Emphasizing that he has no first-hand knowledge of the CDC's actions, and that hindsight is 20/20, public health ethicist Marc Hiller, DrPH, an associate professor of health management and policy at the University of New Hampshire, says the actions taken by the CDC to isolate Speaker "were fully appropriate."
There have been a few criticisms suggesting the government overreacted, given that Speaker was not symptomatic and, according to CDC Director Julie Gerberding, MD, MPH, posed "a low transmission hazard — but not zero." But most questions have been directed at how Speaker — who was known to have tuberculosis, and at least drug-resistant tuberculosis (but not XDR-TB) before he left the country — could leave the country, travel through Europe, and then fly back to North America and drive into the United States from Canada without being apprehended.
That's the question Hiller says is foremost to him, as an ethicist — not whether Speaker's individual rights were threatened as he planned a wedding trip to Europe, but whether more could have been done to protect the public earlier.

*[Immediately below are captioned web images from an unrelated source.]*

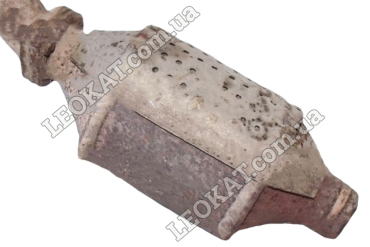 LEOKAT Викуп каталізаторів - Alfa Romeo - Fiat - Lancia - Fiat Punto 1.1 (40 kw / 54 hp)1.2 - Кераміка - 46531832 46534354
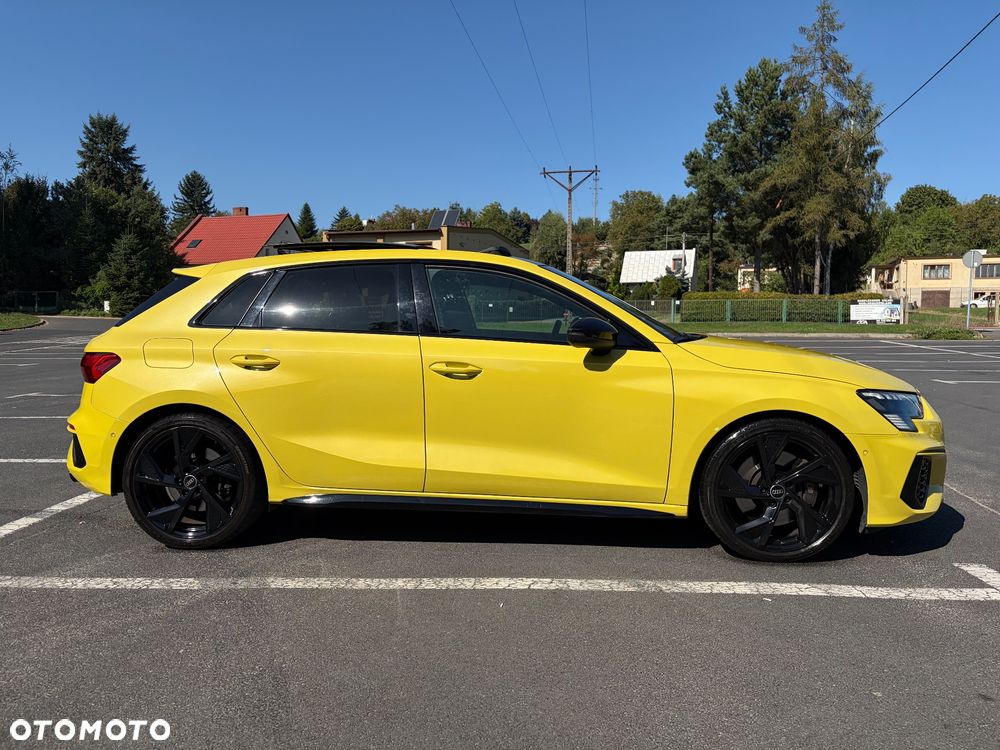 Audi S3 - 22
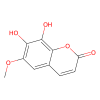 Fraxetin - analytical standard, ≥98% CAS No(574-84-5) by Aladdin Scientific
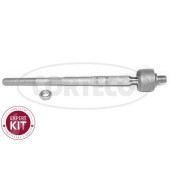 Тяга рулевая / шарнир осевой <b>CORTECO 49400255</b>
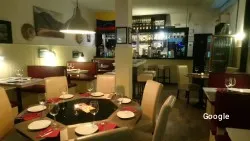 Restaurante Alma Llanera - Madrid
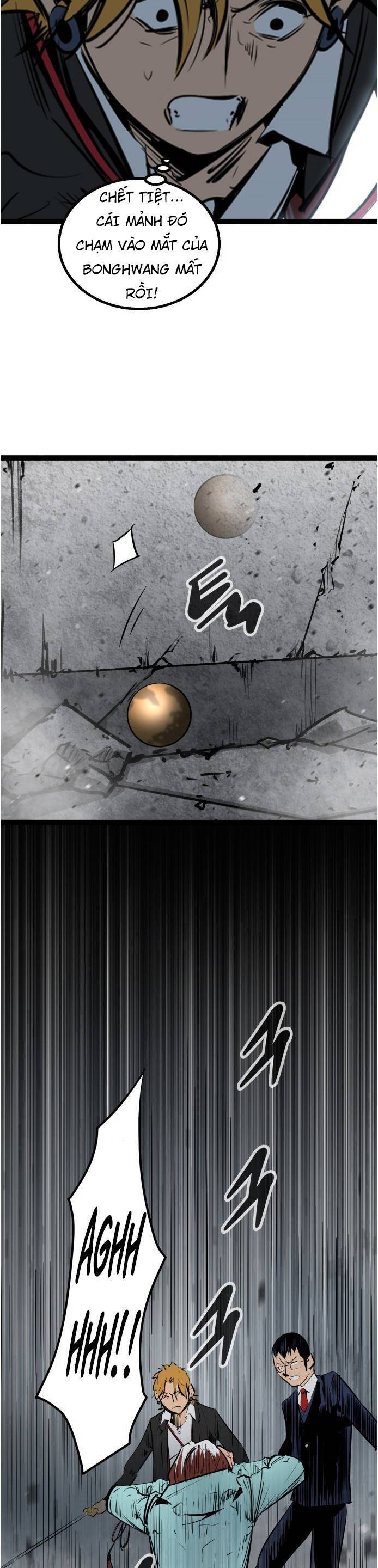 Murim Thời Hiện Đại Chapter 49 - 42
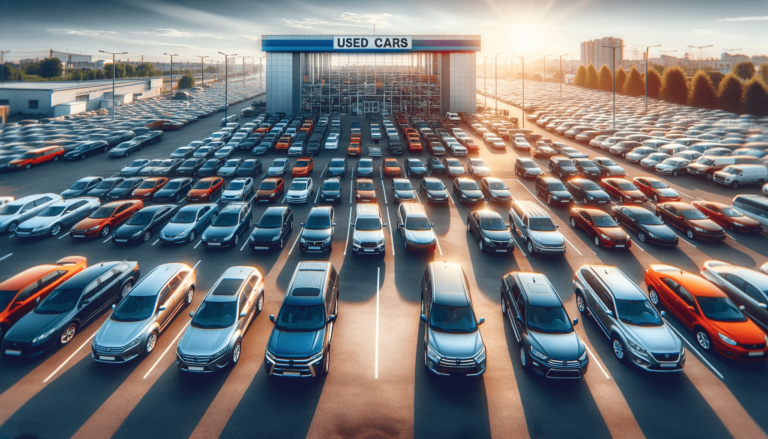 The Benefits of Choosing a Certified Pre-Owned Vehicle in Glendale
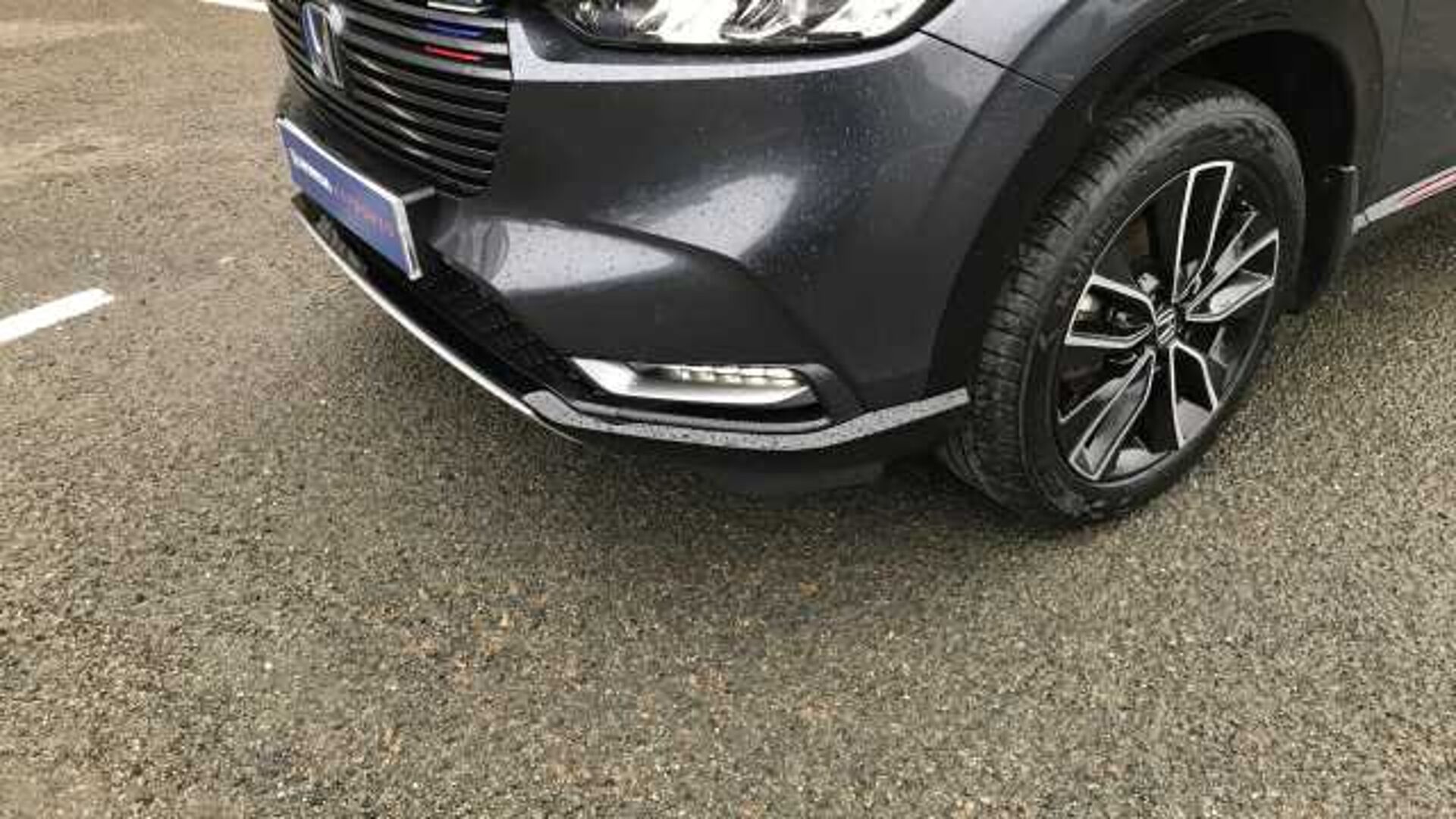 Honda HR-V 1.5 eHEV Advance Style 5dr CVT Hybrid Hatchback 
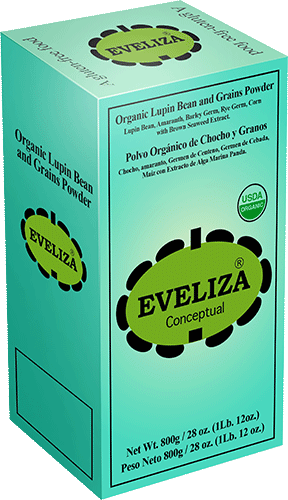 Eveliza conceptual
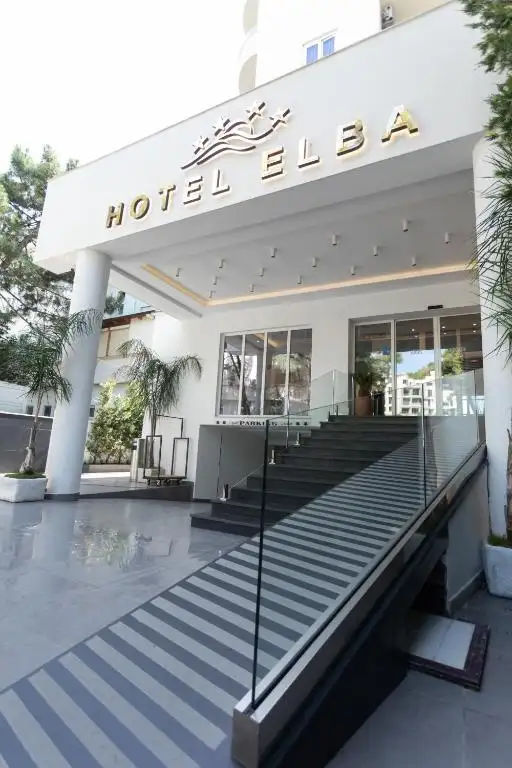 Resort Image
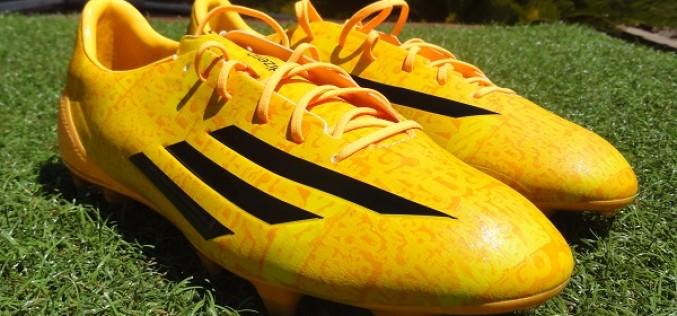 Lionel Messi Archives | Soccer Cleats 101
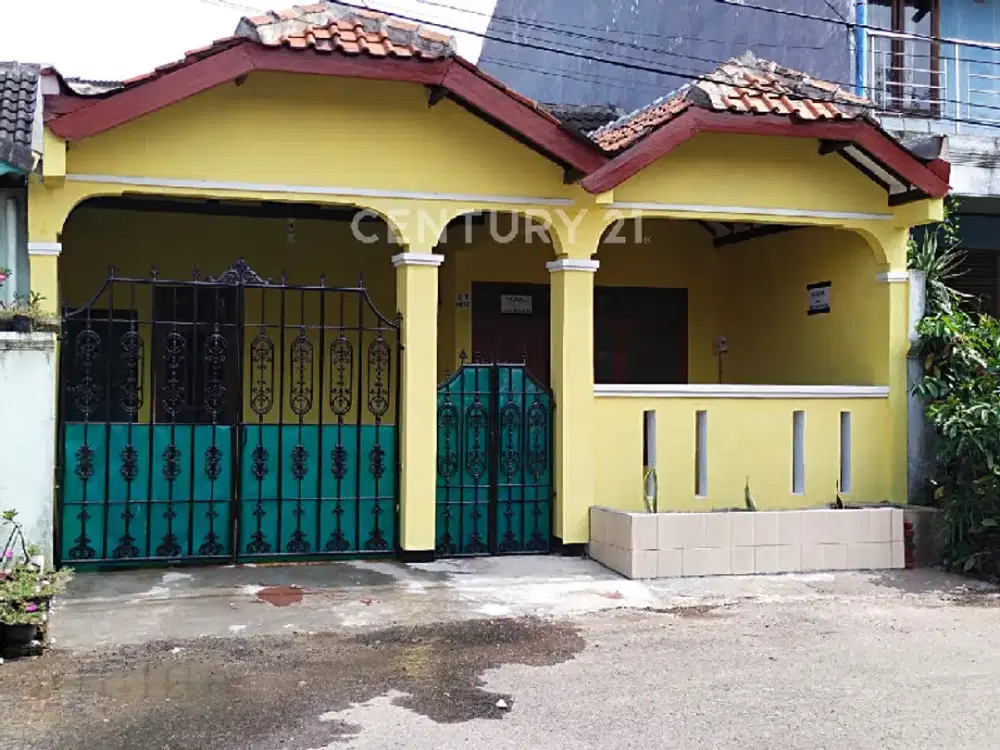 170-PURI FAJAR CIMAHI.AKSES SUPER STRATEGIS.PERBATASN CMH DAN BDG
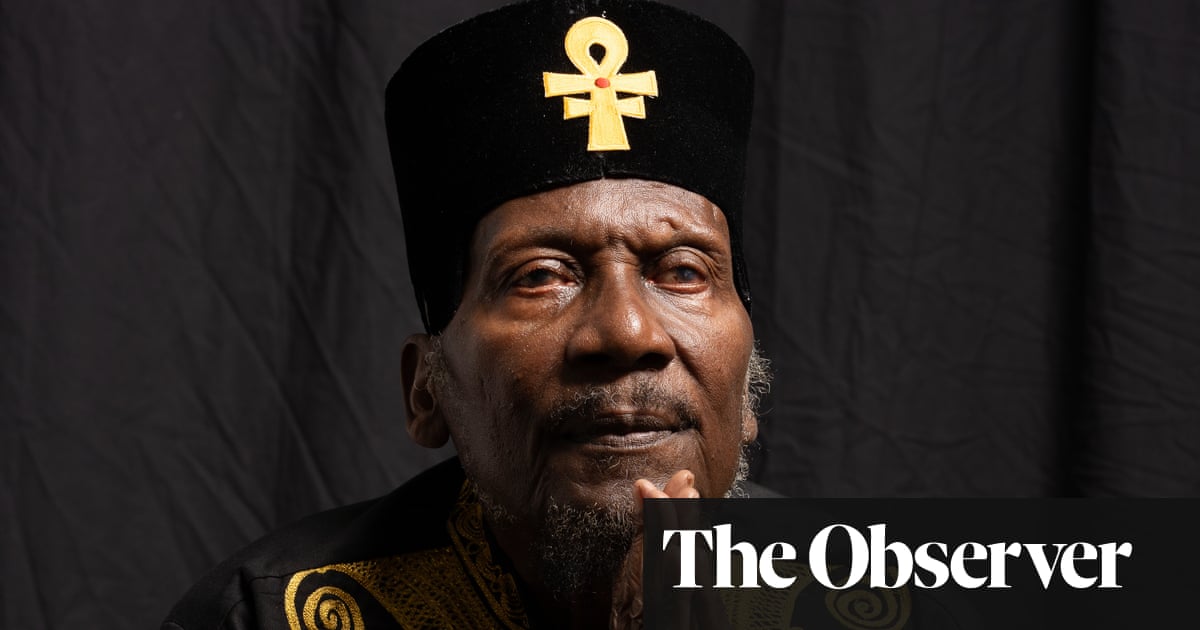 Reggae pioneer Jimmy Cliff: ‘In England we had to fight to get any kind of recognition’ | Jimmy Cliff | The Guardian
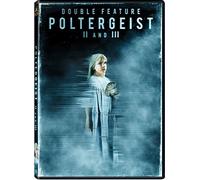 II/Poltergeist III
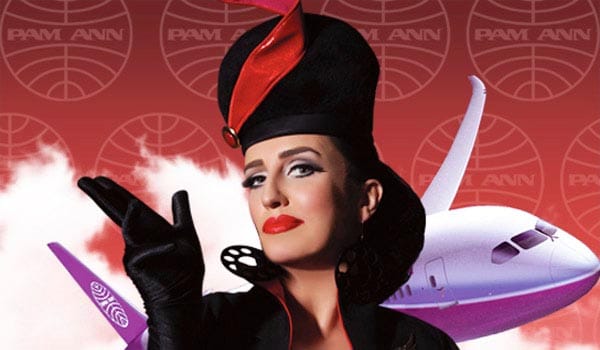 INTERVIEW: Queen of the Sky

"It's a struggle to balance promoting and assuring the public's health and well-being while protecting individual rights and liberties," says Hiller. "While the preservation of individual liberty is a long-cherished ideal in a democracy and in health care, it must be viewed as secondary when an individual's health (or disease) status threatens the health — and in this case, possibly the lives — of others, particularly potentially large populations." (See box.)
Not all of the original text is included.